I do it for that little brown spot on each side of the gnocchi - now THAT'S good eats!  So I guess I put mine in a pan FIRST, then sauce them.


----------



## GB (Apr 22, 2008)

VeraBlue said:


> I like to put them into the sauce pan so some of the sauce can be absorbed into the gnocchi as well as simply coating them.


This is exactly what I did.


----------



## *amy* (Apr 23, 2008)

kitchenelf said:


> Question - doesn't everyone pan-fry their gnocchi once done? I thought it was fairly standard practice.


 
Maybe I'm having a brain hiccup, but thought your original question asked - doesn't everyone pan-fry their gnocchi . I can't speak for everyone, but I usually boil my gnocchi, & either sauce it, or bake with a (i.e. mushroom cheese) sauce.  (Shared a recipe here awhile back.)  Posted the link for pan-fried gnocchi, as I've never seen them prepared in the pan w/o boiling first.

Glad the recipe turned out, GB.  Sounds delish.


----------



## kitchenelf (Apr 23, 2008)

Cook in water first - then pan fry to get that nice browning on them.  I guess the "once done" is the important part of that sentence.


----------



## Alix (Apr 23, 2008)

I don't pan fry my gnocchi either. And I usually whip up an easy cheesy sauce. I melt some cream cheese and add a bunch of stuff to it. Garlic, more cream, whatever white cheeses we have in the house and that is what we serve with the gnocchi. Since we have different preferences in the house, the gnocchi and sauces are served separately and everyone does what they like best. I have one who likes tomato, one who likes the cream, one who mixes them and one who takes them naked with just butter salt and parmesan. LOL.


----------



## GotGarlic (Apr 23, 2008)

I've never heard of pan-frying gnocchi, but it sure sounds good  I love browning/caramelization in any form.


----------



## kitchenelf (Apr 23, 2008)

GotGarlic said:


> I've never heard of pan-frying gnocchi, but it sure sounds good  I love browning/caramelization in any form.



Yep, after they are cooked and drained give them a fry in some olive oil, or butter - not much because you don't really want to saute them - but brown them a bit on the sides.  Once you do it you'll know why I do it!


----------



## velochic (Apr 30, 2008)

kitchenelf said:


> Yep, after they are cooked and drained give them a fry in some olive oil, or butter - not much because you don't really want to saute them - but brown them a bit on the sides.  Once you do it you'll know why I do it!

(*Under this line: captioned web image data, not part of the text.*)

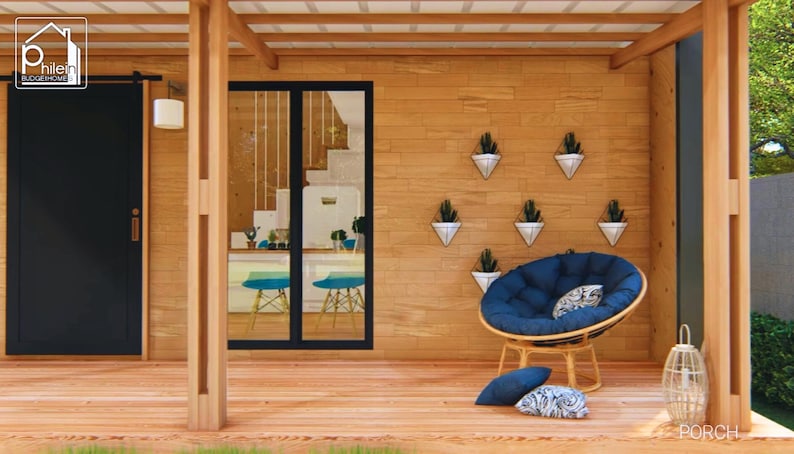 Puede incluir: Un porche exterior acogedor con una terraza y paredes de madera. Una puerta negra est&aacute; a la izquierda, y una puerta de cristal revela un vistazo del interior. Una silla papasan azul con cojines se encuentra cerca de la pared con macetas colgantes.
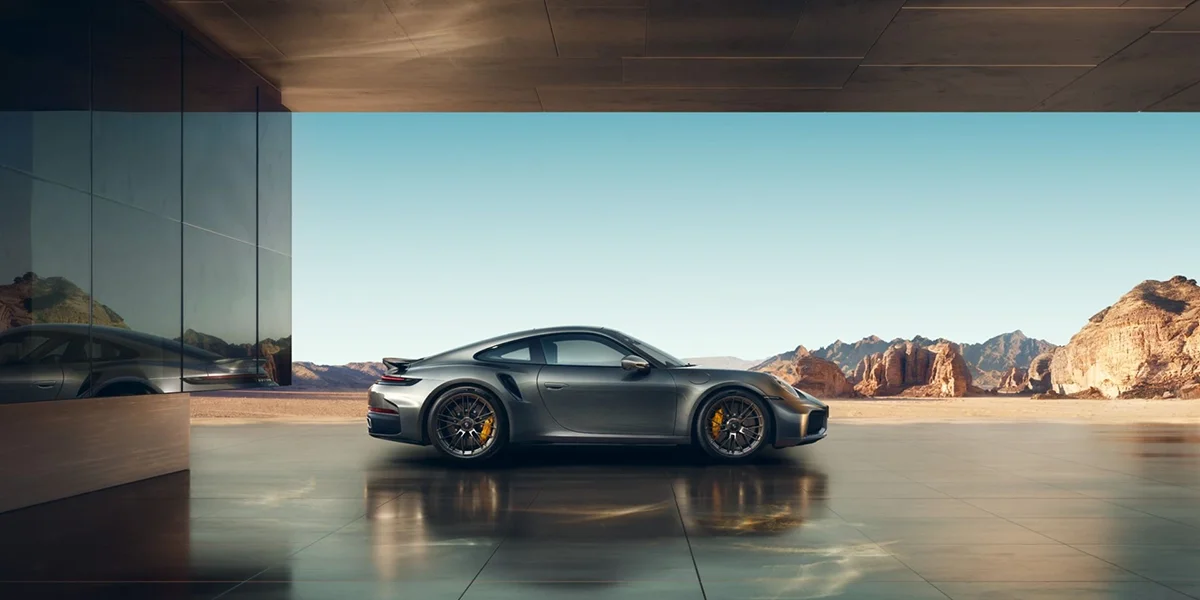 Side profile of 2026 Porsche 911 Turbo S coupe with carbon ceramic brakes in a desert setting.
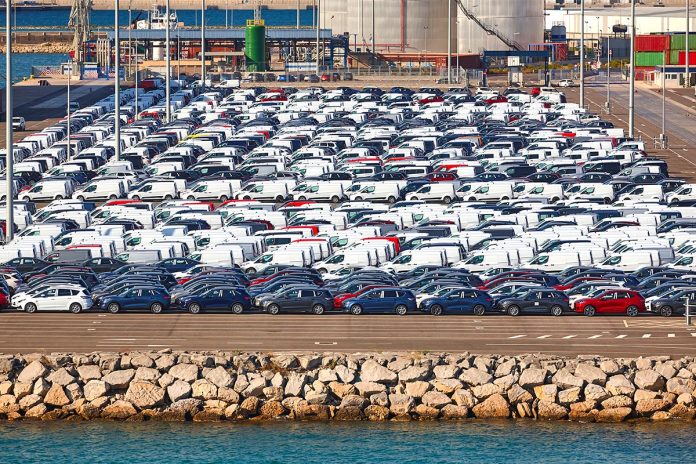 New vehicles in parking lot ready to be shipped. Vehicle product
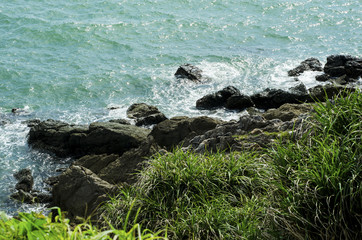 Green grass, rocks and a blue sea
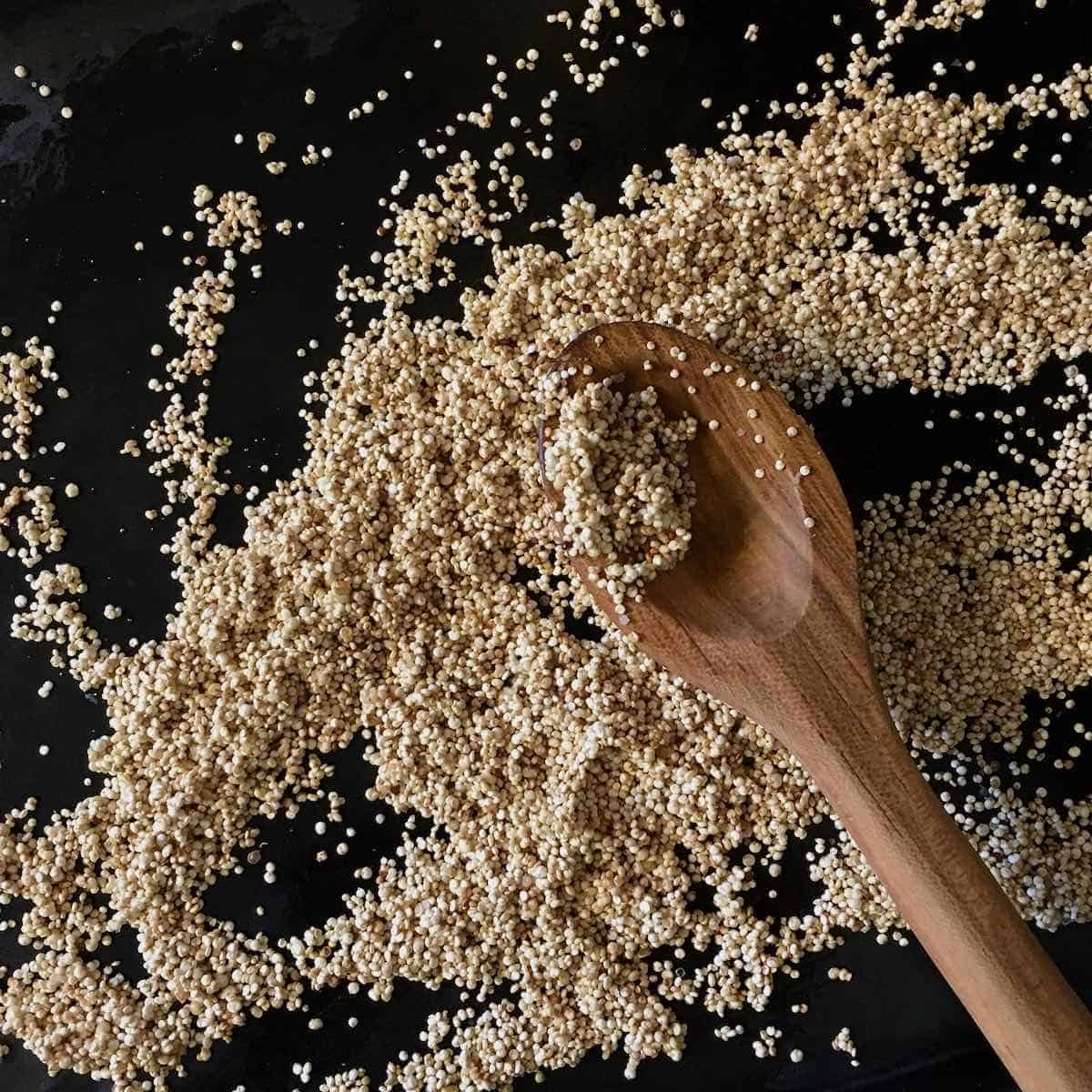 Quinoa with wooden spoon.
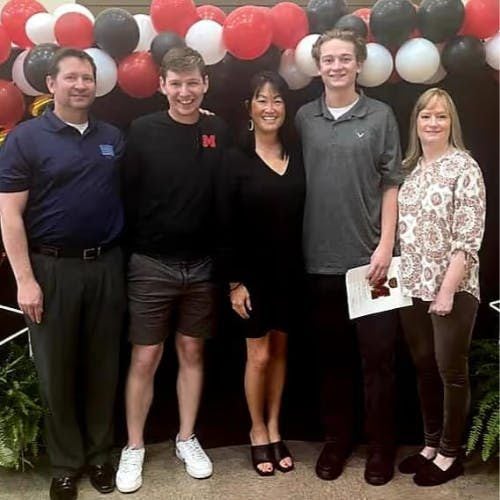 Five people, three men and two women, pose in front of red, white, and black balloons.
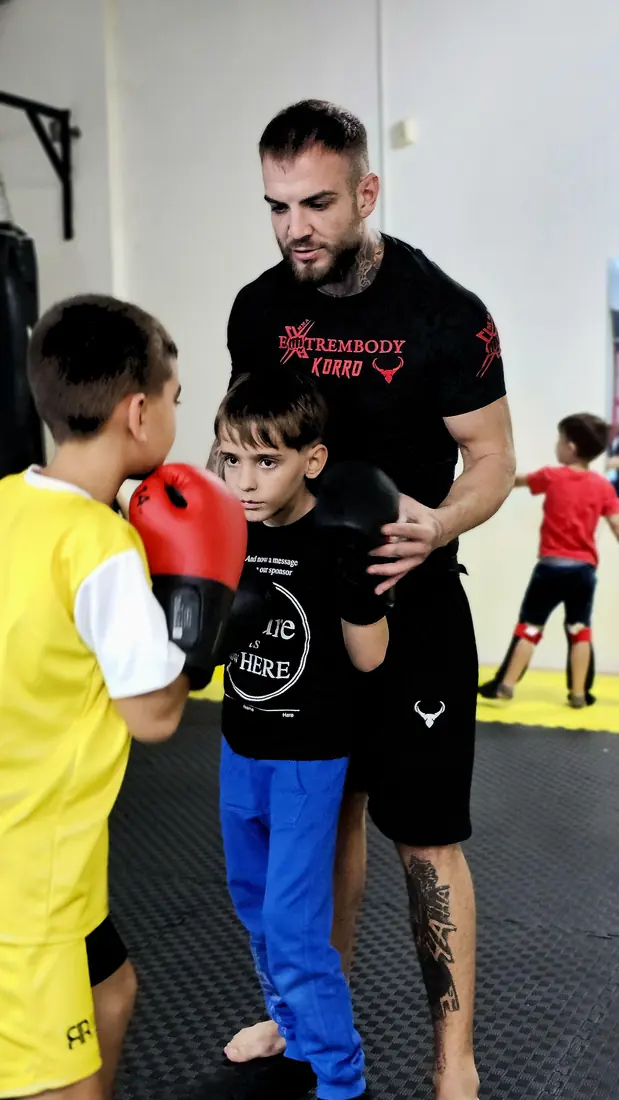Copil care exersează o lovitură într-o pernă ținută de antrenor, la un antrenament de kickboxing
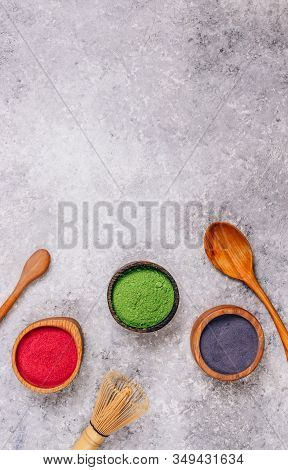 Different Colors Of Japanese Matcha Tea: Green, Red And Blue In Wooden Bowls On Gray Background. Aca
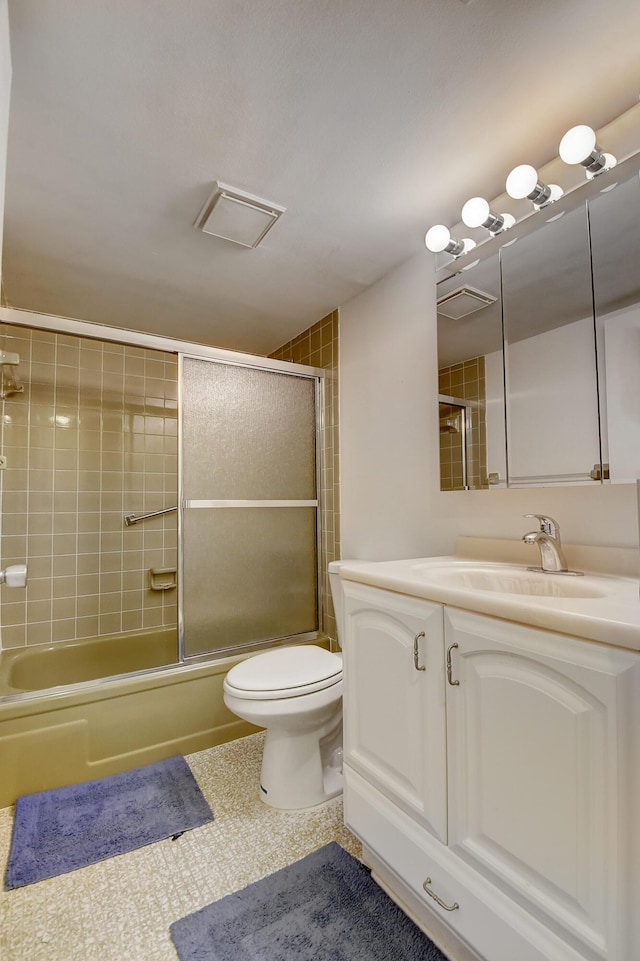 full bathroom featuring vanity, enclosed tub / shower combo, and toilet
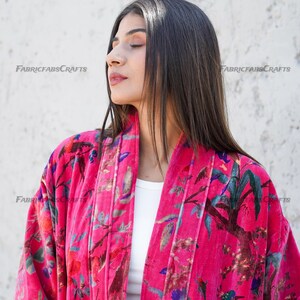 May include: A pink velvet kimono with a floral and bird print. The kimono has a white lining and a shawl collar.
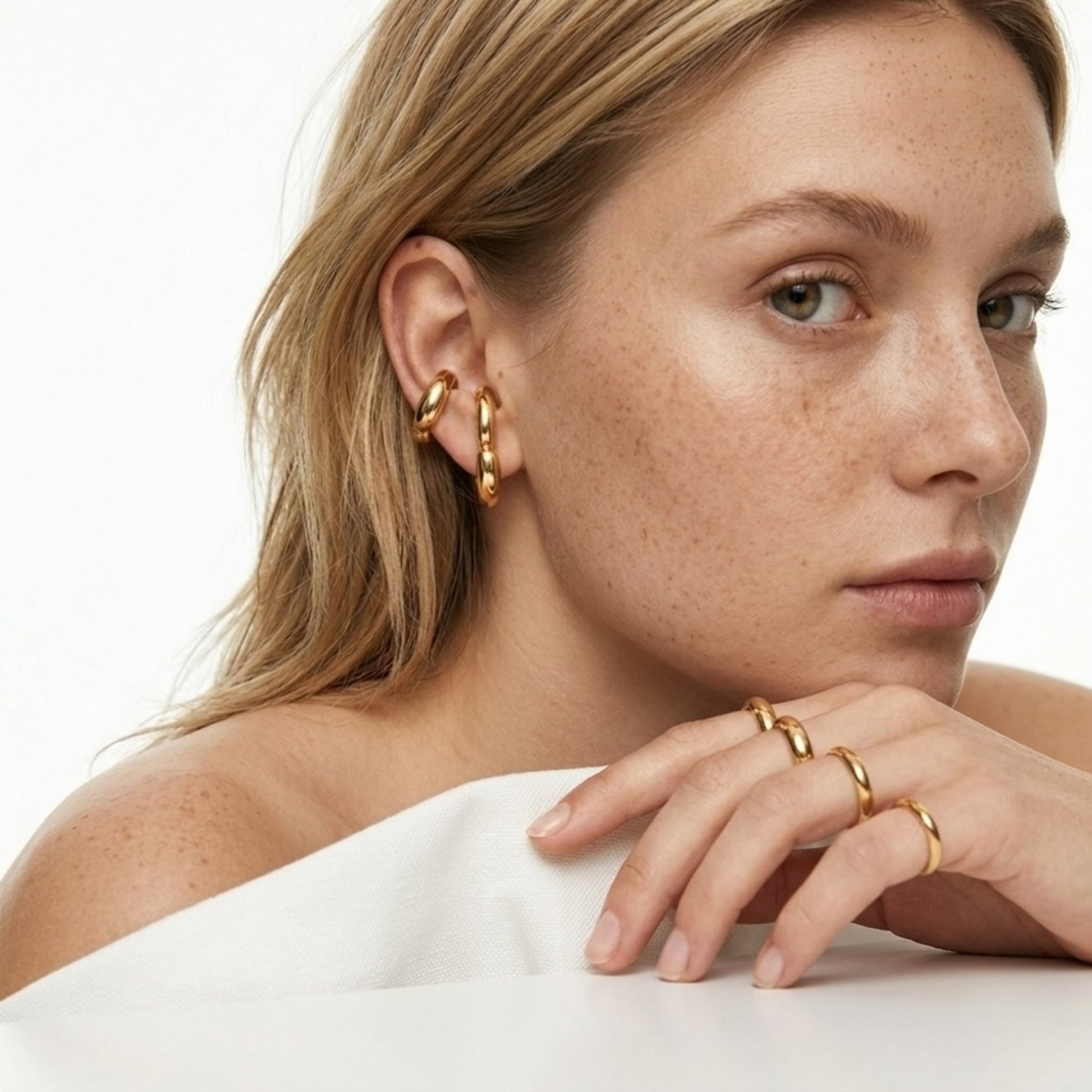 A profile view of the waterproof BEHI Petra Earrings, featuring a bold, tarnish-free design.
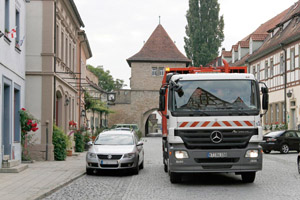 Hecklader-Müllfahrzeug, orange Rundum-Warnleuchte, Stadttor, Fachwerkhaus, Straße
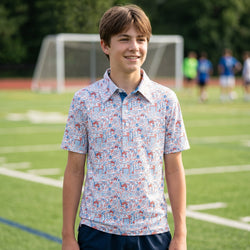 Person wearing a patriotic themed polo shirt with soccer patterned design on a field.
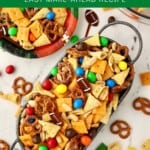 Pinterest pin showing a metal bowl full of pretzels, Cheez-its, Bugles, peanuts and M&Ms.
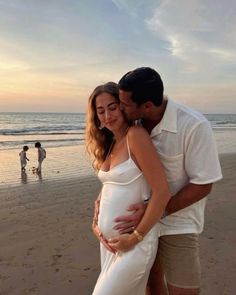 a pregnant woman hugging her husband on the beach at sunset with other people in the background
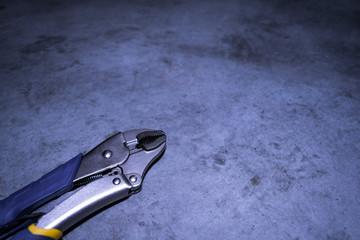 Locking Jaw Pliers On Concrete Floor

I don't post here much anymore, but still read a lot and this is one of those "a-ha!" kind of moments and had to say thanks to all in this thread for some really great ideas.


----------



## LEFSElover (Jun 25, 2008)

There's always the sage and brown butter with garlic/salt/pepper/a few pepper flakes.
But this is more fun, ok, so it's not simple​  Veal Sauce for Potato Gnocchi
Sauce:
1 ½ T olive oil
1 ½ T butter
1 lb ground veal or if no veal, you can use ground beef
1 large clove garlic, minced
1 very small onion, minced
1 small carrot finely chopped
1 medium sized portabella mushroom cap, chopped very fine, remove scales from underneath/scrape out/off
1 15 oz can good quality crushed tomatoes with juice, you’ll break them up
1 T tomato paste
1/2 cup red wine
1-1/2 cups beef broth
Salt and pepper to taste
½ T dried parsley
Heat oil and butter in a heavy cast iron [if you have it] skillet. Add veal or beef/garlic/onion/carrot/mushroom and cook until pink is gone. Break up the meat to fine pieces. Add tomatoes and juice/wine/broth/tomato paste/parsley. Bring to a boil then turn down to medium low and cook about an hour longer. Add salt and pepper and, taste for seasoning and let reduce to semi thicken the sauce. This is supposed to be a loose sauce, not real thick. Toss with your gnocchi and lots of parm cheese.


----------